XXVIII. [1] L'Hélicon est de toutes les montagnes de
Grèce la plus fertile, celle où il y a le plus
d'arbres de toutes espèces, et où croît
surtout le meilleur pourpier. Ceux qui l'habitent assurent que
l'on n'y trouve aucune herbe, aucune racine
vénéneuse, et que par cette raison les serpents
n'y sont pas dangereux ; de sorte que quand par hasard on en est
piqué, on ne s'en embarrasse pas plus que si l'on
était sûr d'avoir à point nommé
quelqu'un de la race des Psylles, ou d'excellente
thériaque.
[2] Ailleurs il y a des serpents dont les piqûres sont
mortelles non seulement aux hommes, mais aux autres animaux ;
à quoi la qualité des sucs de la terre, et la
nature des herbes peuvent beaucoup contribuer. Un
Phénicien que j'ai connu m'a assuré que dans les
montagnes de Phénicie, les vipères sont furieuses,
quand elles ont mangé d'une certaine racine. Il me
contait aussi qu'un homme se voyant poursuivi par une
vipère monta au haut d'un arbre, que la vipère ne
pouvant l'atteindre, jeta son venin contre l'arbre, et que dans
le moment il avait vu l'homme expirer.
[3] Au contraire, je sais que dans le pays des Arabes les
vipères qui ont leurs trous auprès des arbres
d'où coule le baume, ne font aucun mal. Ces arbres sont
de la grosseur de nos myrtes, et leurs feuilles ressemblent
assez à celles de notre marjolaine.
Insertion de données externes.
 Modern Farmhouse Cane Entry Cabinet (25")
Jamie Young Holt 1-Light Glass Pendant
Les vipères se
plaisent fort sous ces arbres, elles en aiment 1'ombre et encore
plus le suc ou l'espèce de gomme qui fait le baume.
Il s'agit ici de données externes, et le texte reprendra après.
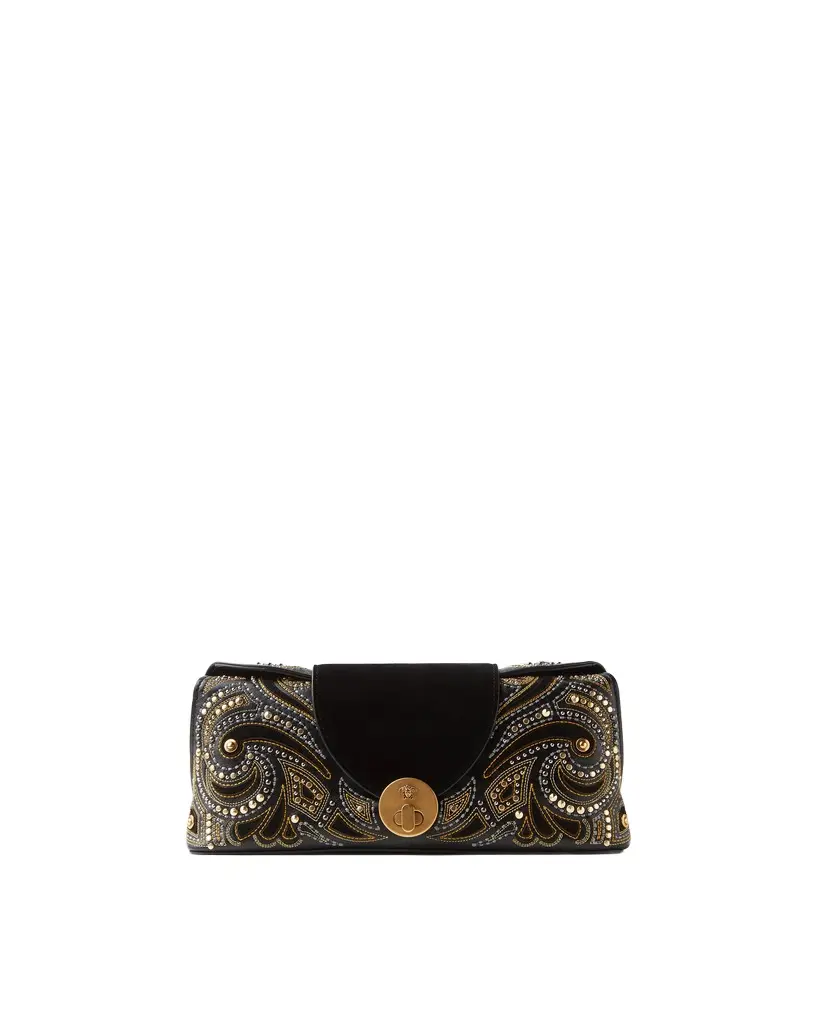 Vivian Embroidered Suede Clutch Vivian Embroidered Suede Clutch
[4] Lorsque le temps est venu de recueillir ce suc, les Arabes
viennent avec deux baguettes de bois à la main, et en
frappant de ces baguettes l'une contre l'autre, ils font du
bruit pour chasser les vipères ; car ils se donnent bien
de garde de les tuer, les regardant comme sacrées et
comme les génies tutélaires de ces arbres. S'il
arrive que quelqu'un en soit piqué, vous diriez d'une
blessure faite avec la pointe d'une épée ; mais il
ne faut pas craindre qu'il y ait rien de venimeux, parce que
tout le venin de ces animaux est tempéré et comme
émoussé par l'odeur et la vertu du précieux
baume dont ils se nourrissent. Ce que je dis est un fait
connu.
XXIX. [1] On tient que ce sont Ephialtès et Otus qui ont
sacrifié les premiers aux Muses sur le mont
Hélicon, et qui leur ont consacré cette montagne.
On croit aussi que ce sont eux qui ont bâti Ascra.
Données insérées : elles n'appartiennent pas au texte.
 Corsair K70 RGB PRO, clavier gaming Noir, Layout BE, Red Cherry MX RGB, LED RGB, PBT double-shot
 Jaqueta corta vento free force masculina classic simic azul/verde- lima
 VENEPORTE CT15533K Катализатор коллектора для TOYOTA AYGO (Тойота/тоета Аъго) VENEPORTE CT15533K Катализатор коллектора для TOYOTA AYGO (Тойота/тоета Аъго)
Hégésinoüs nous l'apprend dans son
poème sur l'Attique, lorsqu'il dit que Neptune ayant eu
les bonnes grâces de la belle Ascra, il eut d'elle un fils
nommé Oeoclus, qui de concert avec les fils
d'Aloéüs, bâtit la ville d'Ascra au pied de
l'humide Hélicon.
[2] Ce poème était perdu avant que je fusse au
monde, ainsi je ne l'ai jamais 1u ; mais Callippe de Corinthe
dans son histoire des Orchoméniens cite l'endroit que je
rapporte, et c'est de lui que je l'ai emprunté. La ville
d'Ascra n'a rien aujourd'hui de remarquable, si ce n'est une
tour qui s'est conservée. Les fils d'Aloéüs
instituèrent le culte de trois Muses seulement, et
nommèrent ces trois Muses Melété,
Mnémé et Aoedé.
[3] On dit que dans la suite Piérus Macédonien,
celui-là même qui donna son nom à une
montagne de Macédoine, étant venu à
Thespies, il établit le nombre de neuf Muses, et imposa
à toutes les neuf les noms qu'elles ont aujourd'hui ;
soit qu'il fût inspiré par sa propre sagesse, ou
guidé par quelque oracle, soit qu'il eût pris ces
connaissances de quelque Thrace ; car de tout temps les Thraces
ont été plus savants que les Macédoniens,
et plus soigneux des choses divines.
[4] D'autres disent que ce Piérus avait neuf filles, et
qu'il leur donna les mêmes noms dont on appelait les
Muses, d'où il est arrivé que ses petits-fils ont
passé dans l'esprit des Grecs pour être les enfants
des Muses. Cependant Mimnerme, qui a écrit en vers
élégiaques le combat des Smyrnéens contre
Gygès roi de Lydie, nous apprend dès
l'entrée de son poème que les Muses les plus
anciennes sont filles du Ciel, et qu'il y en a d'autres d'une
moindre antiquité, qui sont filles de Jupiter.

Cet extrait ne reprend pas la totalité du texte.